Early life and education
Cullis-Hill was born Eleanor Beresford Grant in 1913 in Warrawee, New South Wales, a suburb of Sydney. Her father was Joseph Beresford Grant, a businessman in real estate. She attended Frensham School in Mittagong and went on to study architecture at the University of Sydney. She graduated in 1938.

Career
Cullis-Hill began working as a professional architect after the Second World War. In a contract position with the New South Wales Housing Commission, she designed houses as part of Sydney's postwar reconstruction boom. She set up a solo practice in 1946 at her own home in Warrawee, since she felt that women architects were unwelcome in large firms. Initially, she accepted commissions from friends, and through word-of-mouth recommendations she received enough projects to keep her in full-time work.

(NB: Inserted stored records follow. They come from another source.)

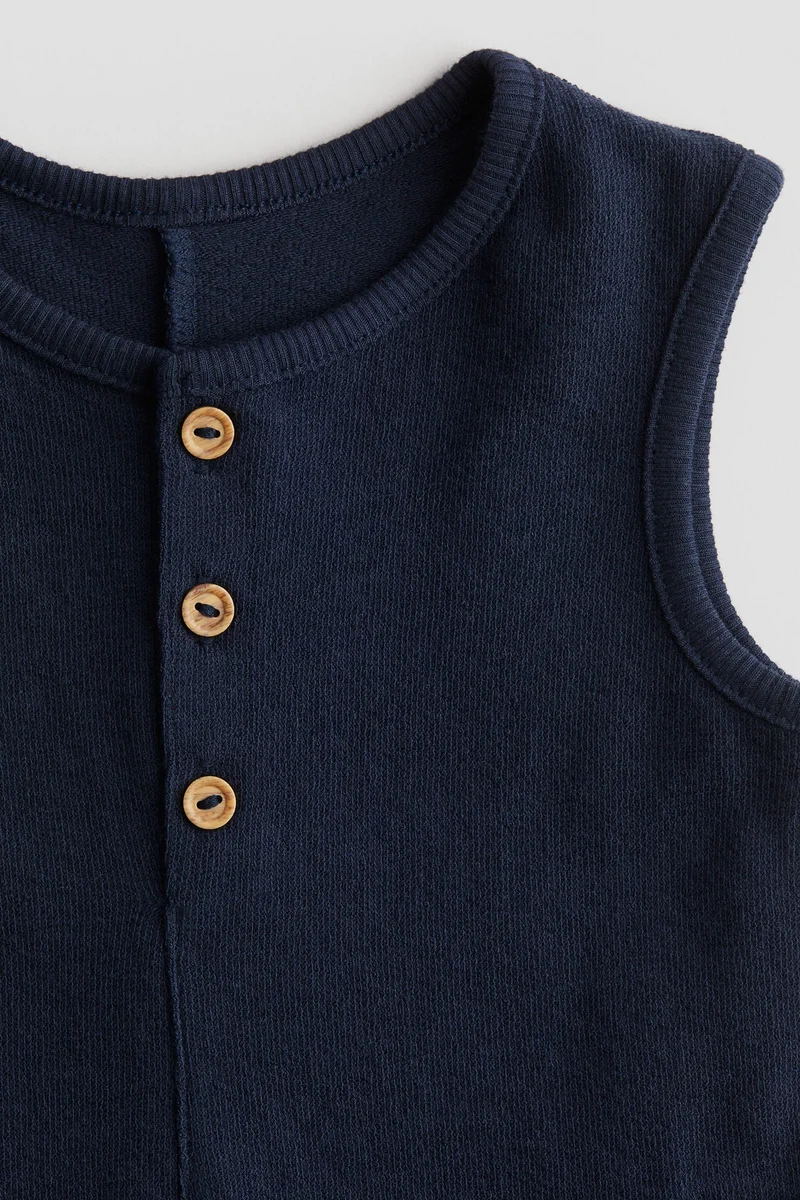 اتش اند ام Cotton romper suit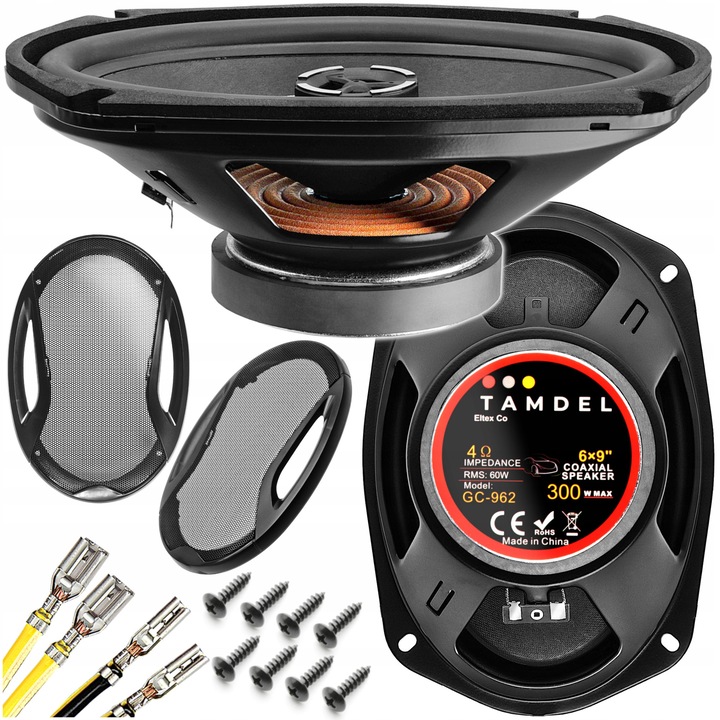 Boxe auto set TAMDEL GC-962 6x9", 2-drozne, 300W, 91 dB, eliptice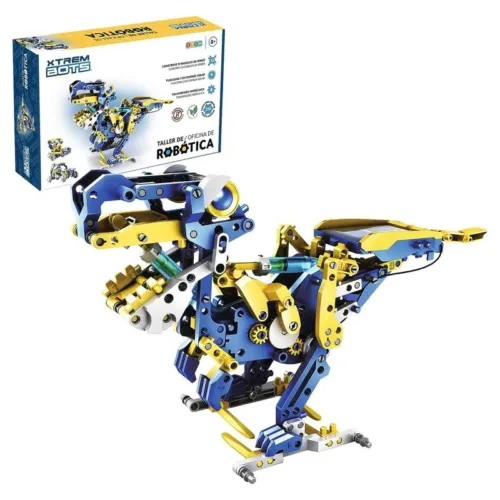 Taller de robótica Xtrem Bots convertible en 12 en 1 XT380893 WORLD BRA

Cullis-Hill worked mainly on Sydney's North Shore in the suburbs of Warrawee and Wahroonga, but she also designed residential renovations and houses in East Killara, Hunters Hill, Kenthurst, Pymble and Turramurra. In total, she designed more than 30 houses and around 50 residential alterations. She also designed church and school buildings: these included additions to Gib Gate School in Mittagong (1954–1973) and St James' Anglican Church in Turramurra (1957–1975) as well as the original plans for Wahroonga Nursery School (1954–1955) and the Turramurra Nursery School (1961). Her design for the Wahroonga Nursery School was shortlisted for the Australian Institute of Architects' Sulman Award in 1956.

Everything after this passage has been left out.